Initiative citoyenne européenne : une révolution citoyenne de la communication européenne ?

Depuis le 1er avril, l’initiative citoyenne européenne (ICE), une innovation du traité de Lisbonne – qui « permet à un million de citoyens de l’UE de participer directement à l’élaboration des politiques européennes, en invitant la Commission européenne à présenter une proposition législative » selon le site officiel – est entrée en vigueur. Cette innovation introduite par le traité de Lisbonne peut-elle assurer une révolution citoyenne de la communication de l’Union européenne ?

L’initiative citoyenne européenne : une nouvelle légitimité pour les « petits entrepreneurs de la cause européenne » ?
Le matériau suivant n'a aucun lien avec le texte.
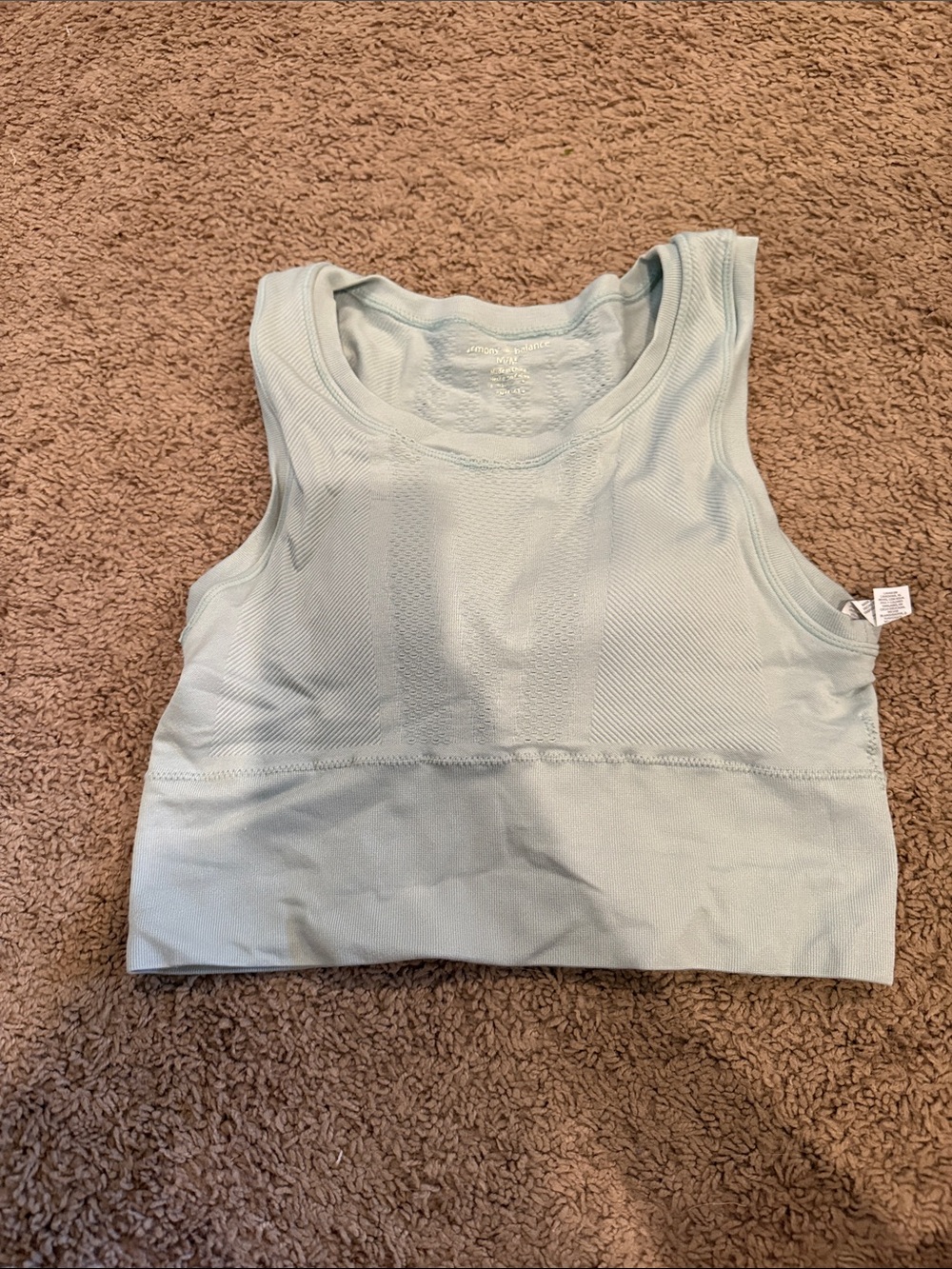 Light Green Cropped Tank Top-M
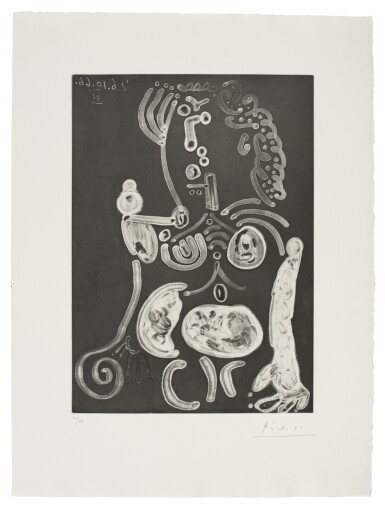 View full screen - View 1 of Lot 137. Nu au fauteuil (Bloch 1392; Baer 1414).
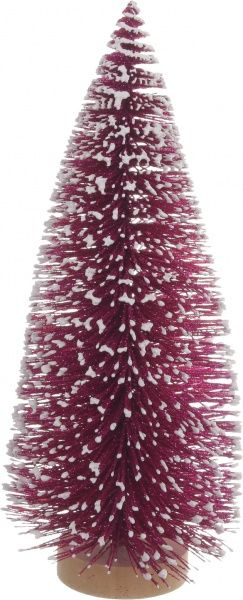 Ялинка декоративна рожевого кольору, 25 см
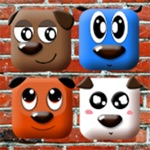 The Little Puppies, small casual brain trainer logical two player game for kids and girls.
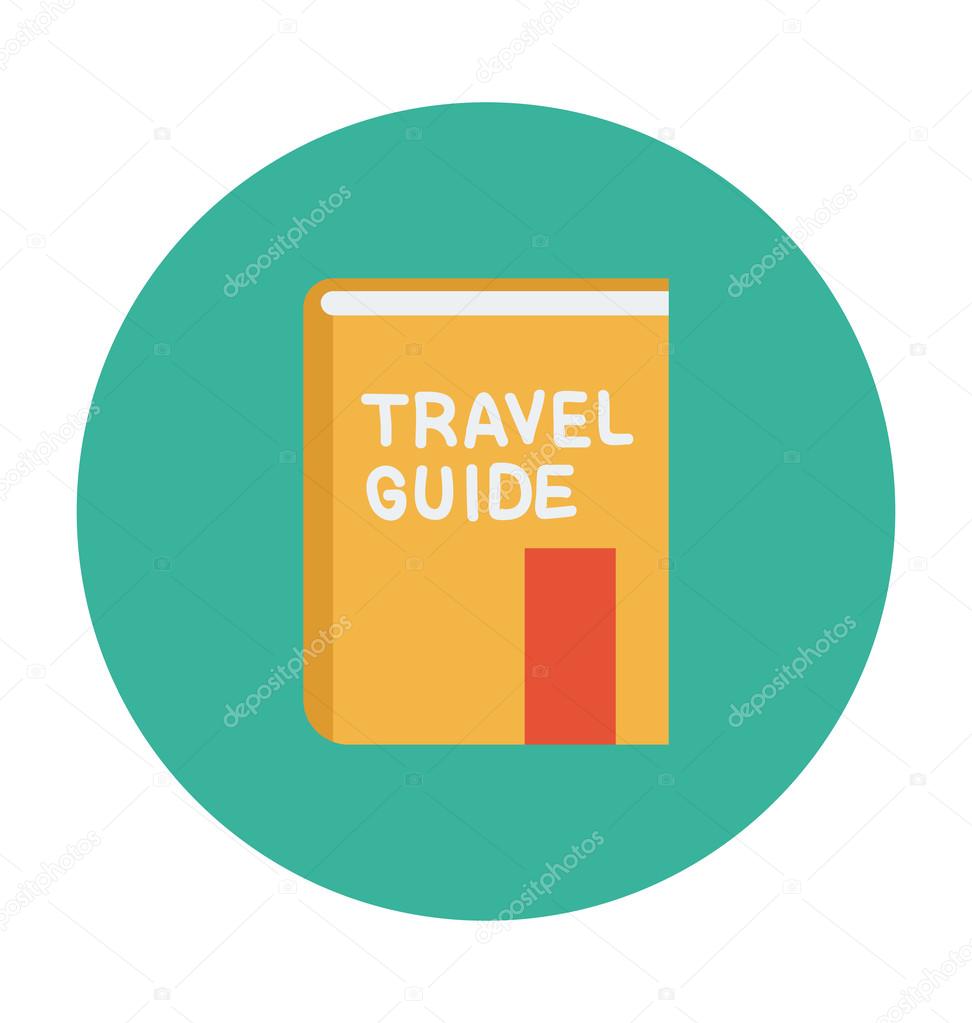 Travel Guide Colored Vector Icon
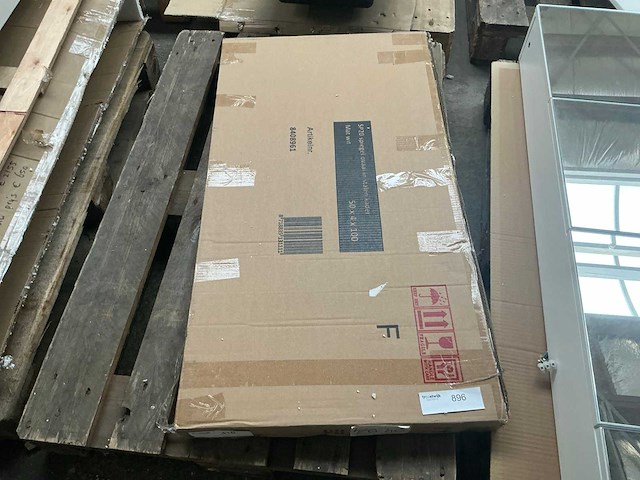 Ink sp20 spiegel ovaal mat wit - afbeelding 3 van  4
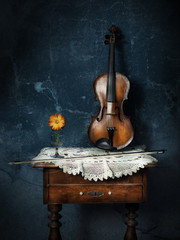 Still life of violin © JGade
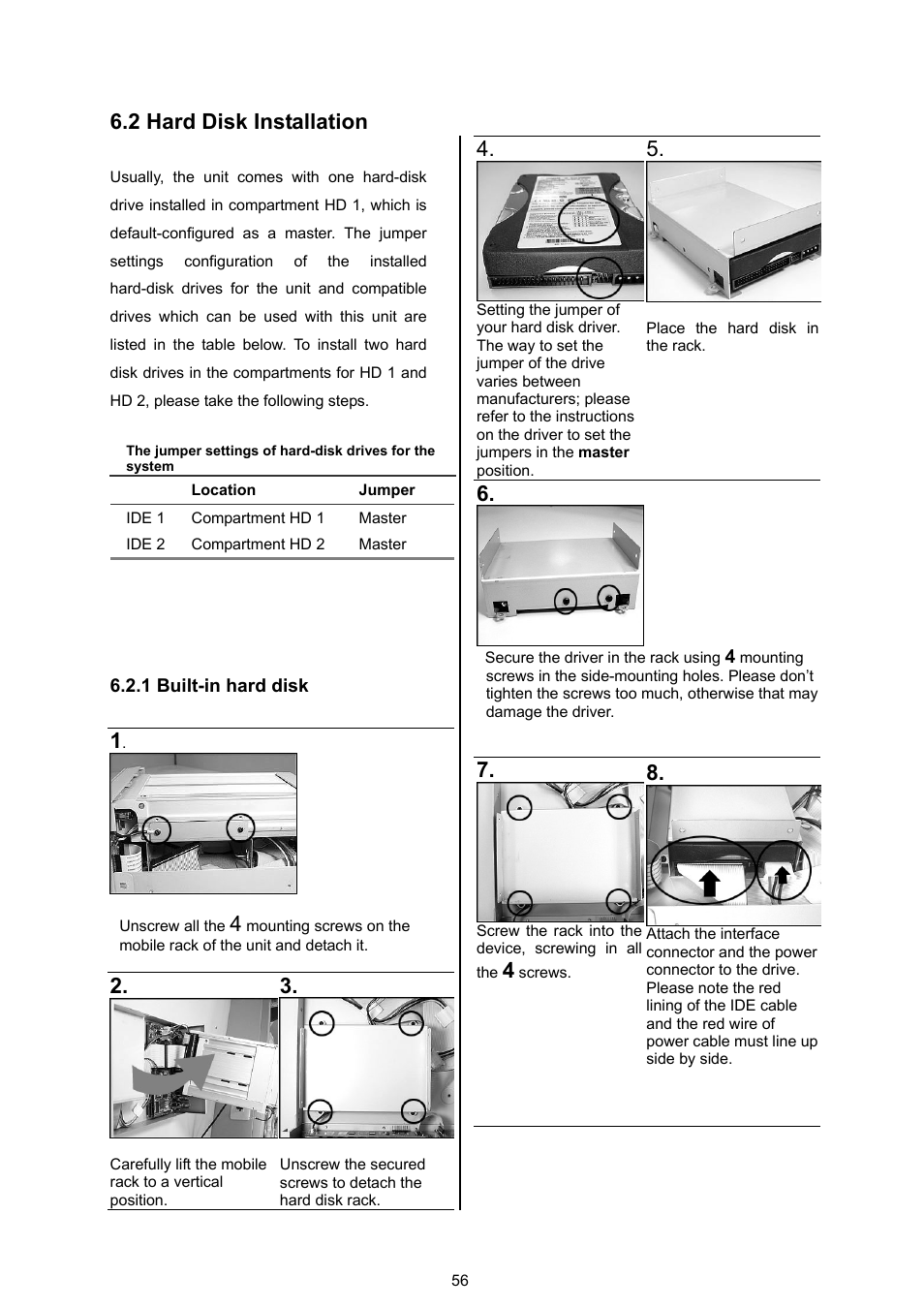 2 hard disk installation | Approach Tech DVR-3024M User Manual | Page 58 / 67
L’ICE introduit une procédurialisation de la démocratie participative destinée à favoriser l’implication de simples citoyens dans les processus décisionnels de l’UE.

Sous cet angle, l’ICE s’inscrit pleinement dans la stratégie de communication de l’UE consistant à promouvoir la citoyenneté européenne active en sortant d’une conception unilatérale d’un public-récepteur au profit d’un échange avec des citoyens actifs devenus partie prenante de la communication européenne.

L’ICE conforte également la délégation d’une partie de l’activité de promotion de l’UE à des « petits entrepreneurs, militant de la cause européenne », comme l’analyse Philippe Aldrin et Dorota Dakowska dans la revue Politique européenne n° 34 titrée « Promouvoir l’Europe en actes » :

À y regarder de plus près, le regain de considération pour la parole, les opinions ou les initiatives des euro-citoyens « ordinaires » a paradoxalement d’abord bénéficié aux promoteurs non institutionnels mais traditionnels de l’idée européenne.

Ainsi, l’ICE conçue comme une opportunité d’illustrer l’attachement de la communication de l’UE aux pratiques démocratiques se trouverait être en fait un moyen de conforter l’activité de promotion extra-institutionnelle de l’UE réalisée par des « petits entrepreneurs militants périphériques et non institutionnels de la cause européenne ».

L’initiative citoyenne européenne : une exploitation problématique d’un « capital social européen » ?

Le Monde confirme que la procédure étant longue et complexe : « Cela montre la nécessite pour les citoyens d’être aidés et de s’appuyer sur des organismes bien informés sur l’UE. ».

Autrement dit, les citoyens ne pourront se saisir pleinement de l’ICE sans l’aide de ces « petits entrepreneurs de l’Europe » pour diverses missions :

  • mise à disposition des ressources intellectuelles dans la formulation des initiatives et l’évaluation de l’objet de l’initiative pour voir s’il appartient ou non au champ de compétences de la Commission européenne ;
  • mise en relation des citoyens européens intéressés pour constituer un comité de citoyens d’au moins sept organisateurs provenant d’au moins sept États membres de l’Union ;
  • mise en connexion des réseaux européens et des citoyens pour obtenir le nombre de signature nécessaire.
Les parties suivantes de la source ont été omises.